What more even than his need of me, drove me back on Gerald McDermott, was the certainty that he was deriving from Fancy Filette the quality I missed. She was playing in one of the cheaper theatres in one of those entertainments that men are supposed to resort to when their families are out of town, and I had a moment's feeling that he exposed his sex to ridicule by the avidity with which he surrendered himself to her perfectly obvious methods. Until he sent his family north to one of the lake resorts for the hot weather, I found myself involved in certain obligations of visiting at his house, where I saw that his wife created for him by her incompetence much the same sort of background that my bereaved and purse-pinched condition made for me, and watched with alternate sympathy and resentment his flight from it to the effective self-complacency which Miss Filette induced in him.

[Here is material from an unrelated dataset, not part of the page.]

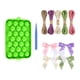 thumbnail image 2 of Kit de silicona para hacer jabones caseros, molde de jabón de uva para decoración del hogar, cera de soja, para adultos. Verde, 2 of 8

I don't mean that Jerry wasn't fond of his wife in a way, and faithful to her, in so far as she didn't interfere with his male prerogative of being played upon by other women, but I do not think he had ever an inkling that the vortex of anger and despair which she forced him to share with her, in lieu of the passion which she couldn't any more excite, was of the same stripe as his need of the high, inflated mood that Miss Filette provided for him with her little bag of tricks. For from the first Jerry seized on me, poured himself out, despoiled himself of all the hopes, conjectures, half-guesses of his career, and that without in the least discovering that I was in need of much the same sort of relief myself. After his wife had taken the children to the country—though she used even then to come down on him suddenly with both of them and break up his work for days, or just when it was running smoothly, wire to him to rush up to Lake View and allay the horrors of her too active imagination—often evenings after the day's work, he would take me to dine at queer little French or Italian restaurants which were supposed to be preferred on account of the "atmosphere" rather than their cheapness, and uncoil for me there all the intricate turnings of his work upon itself, and the rich shapes and colours it took, played upon by the slanting eyes and carmine smile of Miss Filette. He would sit opposite me with a cigarette and a glass of "Dago red," his black, shining hair, which he wore too long, slanting above his forehead like a boding wing, uncramping his soul; and though I liked him as a friend, and as a playwright thought him immensely worth while, I was divided between exasperation at his tacit exclusion of me from the world of excited powers in which any stimulation of his maleness threw him, and fear that in missing his capacity for quick, shallow passions, I had missed the one indispensable thing for my art.

"It is the chance of a lifetime," Jerry would be reassuring me, "to delineate a character that will be so intimate an expression of the one who is to play it ... it's really extraordinary that she should have been named Fancy ... it's symbolic."